Este amor misericordioso inmenso de Dios es la clave para comprender el Evangelio de hoy. En él, Jesús nos cuenta la parábola del hijo pródigo. Pero, ¿quién es el protagonista de la parábola? ¿El hijo pródigo? ¿El otro hijo? El protagonista es el padre que, como reflejo de Dios, es capaz de mirar con amor a la persona, a su hijo, superando la barrera de sus muchos actos injustos. Así, Dios siempre te mira con amor, con compasión, con paciencia… No es que Dios acepte la injusticia o diga: “Bueno, como la mayoría de los hombres hacen esto, voy a cambiar los 10 mandamientos…” De ninguna manera. Dios es la justicia infinita. Pero, al mismo tiempo, Él no se para en la acción, sino que llega al corazón de la persona.
Nosotros, en cambio, somos muchas veces como el hijo menor. Nos dejamos engañar por las promesas de una falsa felicidad que nos promete de forma inmediata el pecado. Si nos dejamos arrastrar por nuestras pasiones, entonces nos alejamos de Dios.
Otras veces, somos el hijo mayor. Pensamos que, como venimos a la parroquia, como somos cristianos, como somos sacerdotes o estamos consagrados a Dios, somos los buenos, los justos, los “fieles”… Y, perdiendo de vista el protagonismo de Dios, caemos en algo muy sutil que es la soberbia. La soberbia trae consigo la ceguera espiritual, la cual nos hace incapaces de ver al otro como lo ve Dios, con amor y compasión, y entonces nos fijamos solo en los actos que realiza. Nos volvemos intransigentes con la injusticia ajena y también con el que la realiza, de forma que lo tachamos, los rechazamos e incluso a veces lo aplastamos…

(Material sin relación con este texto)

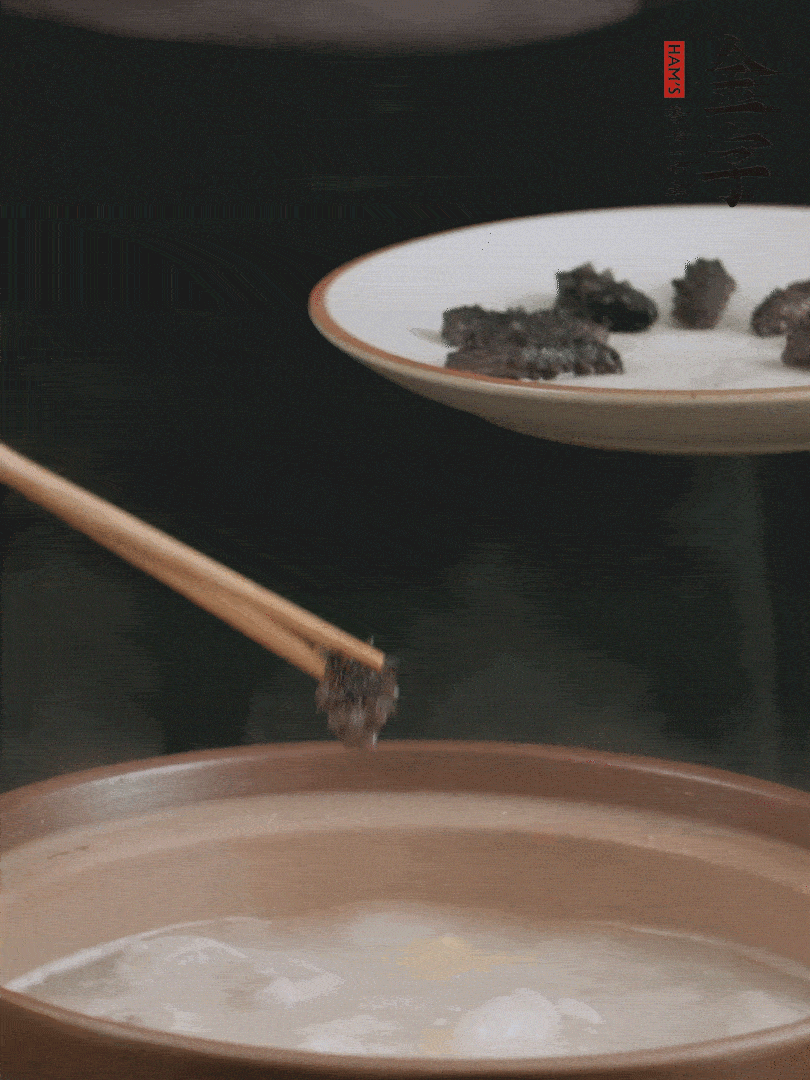 期間雞湯燉到80分鐘時，加小海參再燉10分鐘。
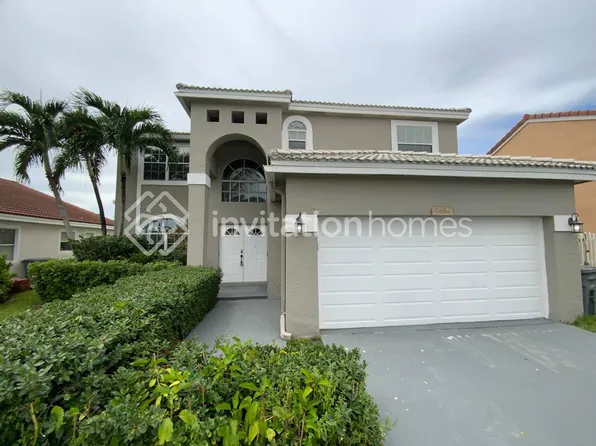 9684 Tavernier Dr, Boca Raton, FL 33496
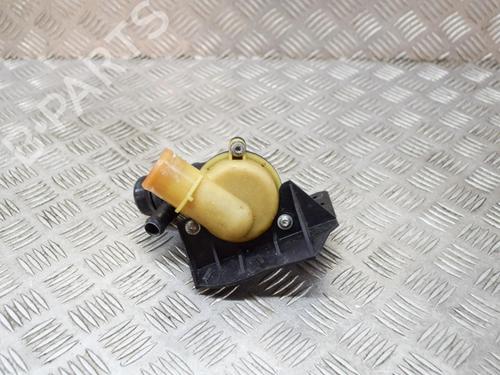 Used Thermostat housing Thermostat housing LAND ROVER RANGE ROVER SPORT II (L494) 3.0 SDV6 4x4 (306 hp) 27756042 27756042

Leamos esta parábola en la oración tranquila de estos días, y sorprendámonos de lo que el Señor quiere comunicarnos. Y pidamos a María Santísima nos alcance el don del Espíritu Santo, amor de Dios, que queme y purifique nuestra soberbia y nuestras pasiones, que nos dé un corazón puro y humilde, que nos dé una mirada agradecida a Dios y misericordiosa hacia nuestros hermanos. Solo así podremos gustar y ver la alegría que el Señor quiere regalarnos.